Es hätte schlimmer kommen können, mag sich der Angeklagte nach dem Antrag des Staatsanwalts gedacht haben, und dann kam es schlimmer.

Von Gerd Kröncke

Achtzehn Monate Gefängnis mit Bewährung, das bedeutet die Unwählbarkeit für Alain Juppé, den starken Mann der Präsidentenpartei UMP. Obwohl er in die Berufung geht, dürfte mit dem Urteil seine glänzende Laufbahn zu Ende sein. Der Mann, der Nachfolger Jacques Chiracs werden wollte, muss nun Abschied nehmen von allen Ambitionen.

Dabei hat Juppé in dieser Parteispendenaffäre auch den Kopf hingehalten für seinen Präsidenten. Denn Chirac ist zwar immun, aber auch er dürfte von den Tricksereien im Pariser Hôtel de Ville gewusst haben.

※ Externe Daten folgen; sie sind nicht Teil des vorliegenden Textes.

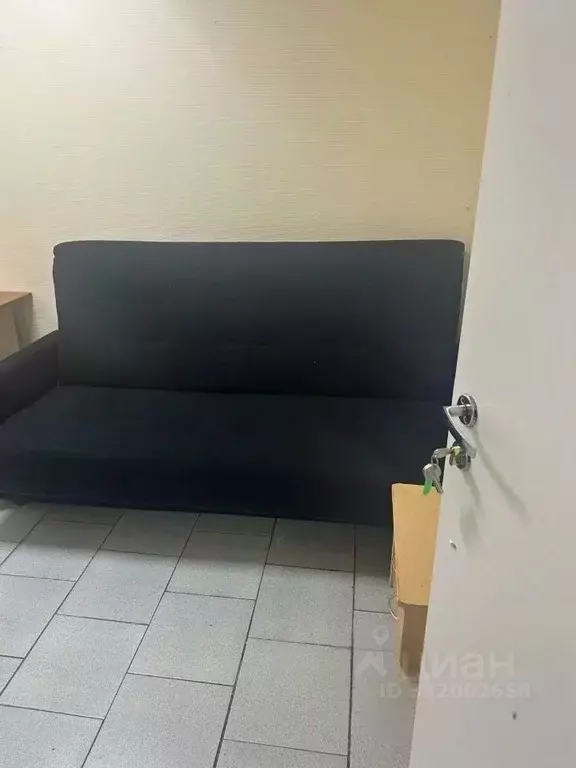 Комната Москва ул. Красного Маяка, 15АС1 (8.0 м) - Фото 2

Und wenn er einmal nicht mehr Präsident ist, könnte ihn diese Affäre theoretisch noch einholen.

Das Urteil wird die französische Politik verändern

Die Folgen des Urteils werden die französische Politik verändern. Schon seit längerem sieht Chirac in seinem eigenen Innenminister eine Konkurrenz heranwachsen, der ehrgeizige Nicolas Sarkozy ist zum Rivalen geworden. Juppé galt als der Mann, der den Emporkömmling noch am ehesten hätte stoppen können. Nun will Sarkozy sein Nachfolger als Parteichef werden, mit Blick auf den Elysée.

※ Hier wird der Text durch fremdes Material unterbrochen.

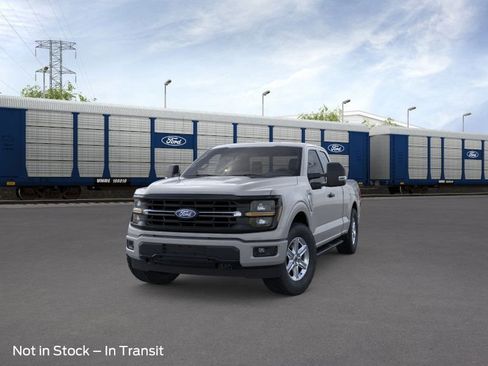 New 2026 Ford F150 XLT image 24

Es war Juppé selbst, der seinen endgültigen Abschied von der Politik für den nun eingetretenen Fall angekündigt hatte. Der Mehrheitspartei steht eine schwere Krise bevor. In zwei Monaten werden die Regionalparlamente gewählt, eine deutliche Niederlage würde auch Chirac schaden.

Juppé muss sich mit 58 Jahren einen neuen Job suchen. Er war, wie ihn Chirac einmal vor Parteifreunden lobte, "der Beste von uns allen". Nun kann er nicht einmal mehr Bürgermeister der schönen Stadt Bordeaux bleiben.